## REQUIRED ACTION
Print all of the data below exactly as it appears, leaving out every image.

## GIVEN DATA
┄┄┄┄┄┄┄┄┄┄┄┄┄┄┄┄┄┄┄┄

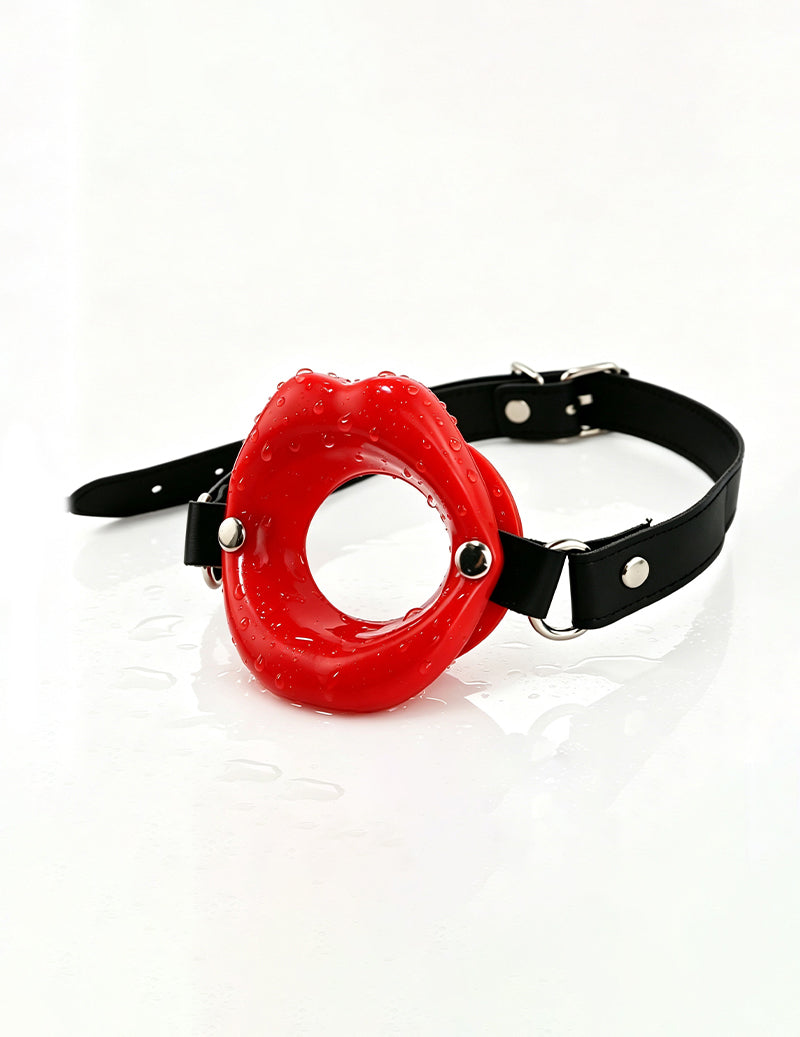 Red mouth ring gag choker with black PU straps and metal adjustment holes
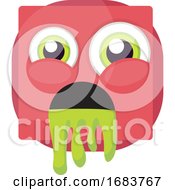 Square Pink Emoji Puking Illustration by Morphart Creations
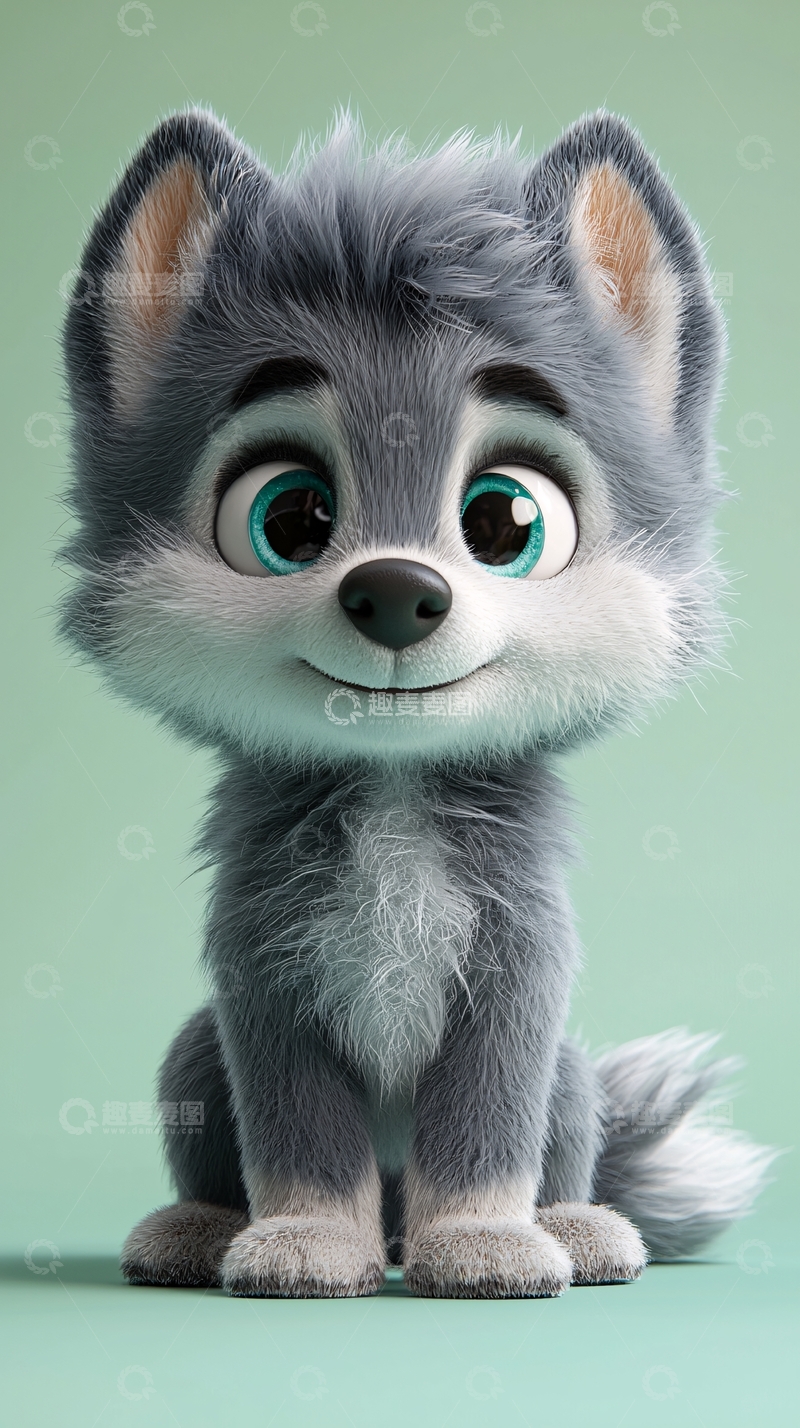 高清大图下载【趣麦麦图】可爱卡通小灰狼
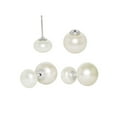 thumbnail image 3 of ADDURN White Cultured 8-9mm and 10-11mm Pearl Double-Sided Front-Back Earrings with Sterling Silver Clasp, 3 of 3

┄┄┄┄┄┄┄┄┄┄┄┄┄┄┄┄┄┄┄┄

## THE ANSWER
 Red mouth ring gag choker with black PU straps and metal adjustment holes
 Square Pink Emoji Puking Illustration by Morphart Creations
 高清大图下载【趣麦麦图】可爱卡通小灰狼
 thumbnail image 3 of ADDURN White Cultured 8-9mm and 10-11mm Pearl Double-Sided Front-Back Earrings with Sterling Silver Clasp, 3 of 3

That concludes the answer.